第五节 对企业合并的反托拉斯规制制度的评述
企业合并的反托拉斯规制制度,为了适应经济理论和商业实践的需要,在不断的进行修改。尤其是从四次指南的修改,我们可以看出反托拉斯法对企业合并规制上的变化趋势。
一、规制态度从严厉到灵活宽松
美国对企业合并的规制态度由20世纪80年代前的严格转向灵活宽松,并在很大程度上排除了企业合并的法律障碍。正如马克思所言,法律是经济的集中反映。因此,反托拉斯法这一重大政策改变应该说是经济发展的客观需要在法律上的反映。
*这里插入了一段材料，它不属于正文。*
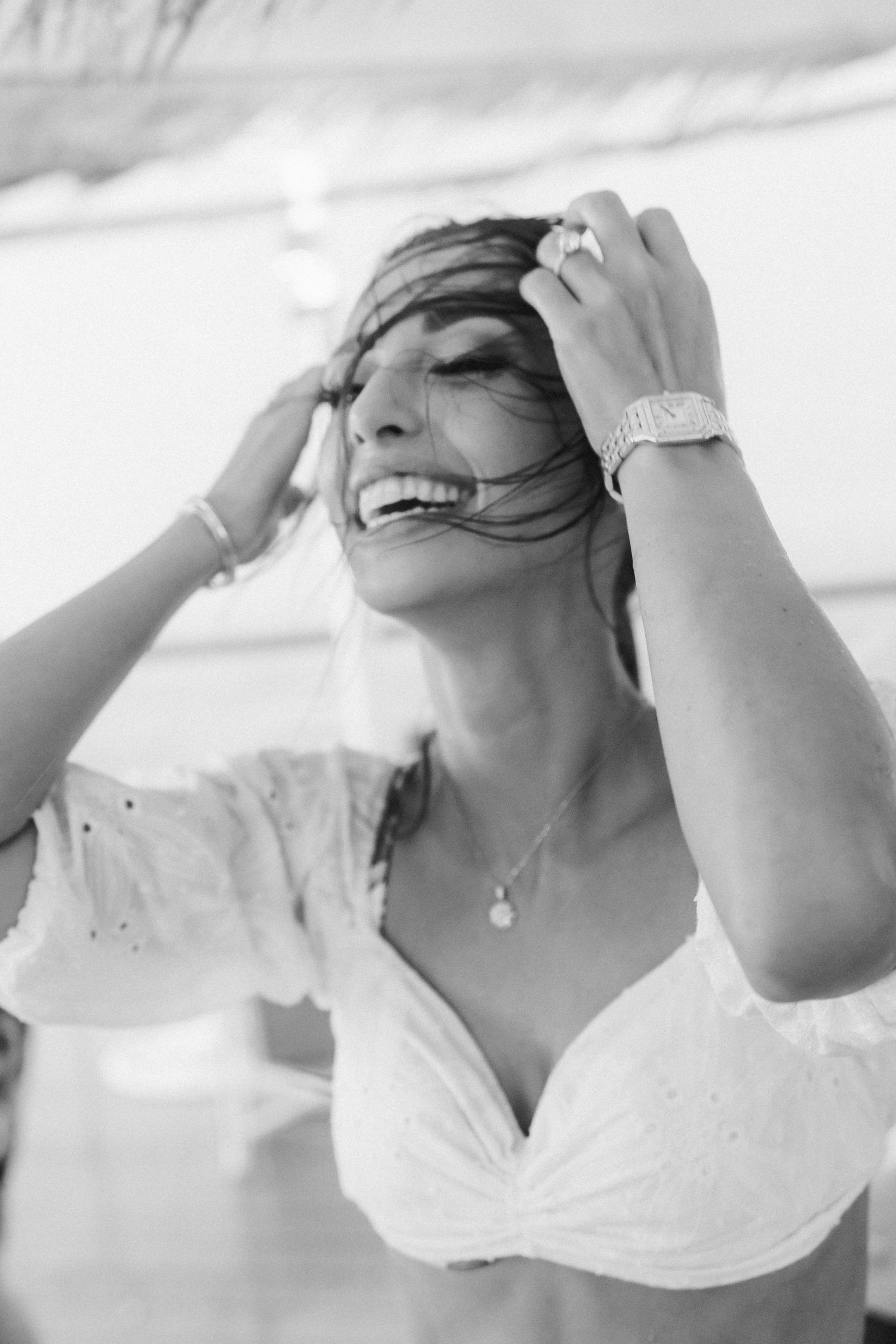 Black and white portrait of a joyful person in a white dress laughing while running fingers through windswept hair.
20世纪30年代产生于产业组织理论的哈佛学派,从理论上对结构主义的企业合并规制制度进行了论证,并在20世纪中叶至70年代成为美国反托拉斯法方面占主导地位的经济学派。该学派认为:市场结构决定市场行为,市场行为产生市场绩效,一个行业若无竞争性的市场结构,也就不存在竞争性的市场行为。受该学派影响的反托拉斯企业合并规制制度,对较高的市场份额和进入障碍所导致的市场垄断这一绩效,予以禁止,以维持竞争性的市场结构。
从司法实践来看,美国20世纪80年代前的反托拉斯实践基本上是依据结构主义的分析方法干预和规制企业合并。法院在审理企业合并案件中,主要是审查市场集中度和参与合并企业的市场份额。在集中度很高的市场上,有着竞争关系的大企业间的合并在任何情况下都会被视为有碍竞争,从而被法院禁止合并。即使对一些中小企业市场上的合并,法院也倾向以结构主义为指导,最为典型的案件是以上所提到的1962年“布朗鞋公司案”。在此案件中,布朗公司与金奈公司合并后,其在皮鞋市场上的共同份额,虽然只占5%,但法院认为,皮鞋行业有日趋集中的倾向,为了防止市场集中对竞争的有害影响,就应该禁止这个合并。在这段时期内,从可操作性和法律的稳定性出发,美国最高法院甚至把市场份额和市场集中度作为规制企业合并的决定性因素。更有甚者,在“费城银行案”中形成了“有罪推定原则”。根据这一原则,如果企业合并导致出现过高的市场份额的企业,导致相关市场集中度提高,那么,合并依其性质极易削弱竞争。因此,若无明确相反的证据证明不会产生此影响,则必须禁止合并。这可以说将结构主义的规制制度发挥到了极至。
同时,为了贯彻统一的企业合并规制政策,美国司法部依据最高法院关于企业合并的判决中的基本原则,于1968年发布了“合并指南”。该指南可以看作是对结构主义的归纳和概括。依据结构主义理论,指南将市场分为高度集中、集中和有集中趋势的市场三种情况,并为干预企业合并提供了量化标准。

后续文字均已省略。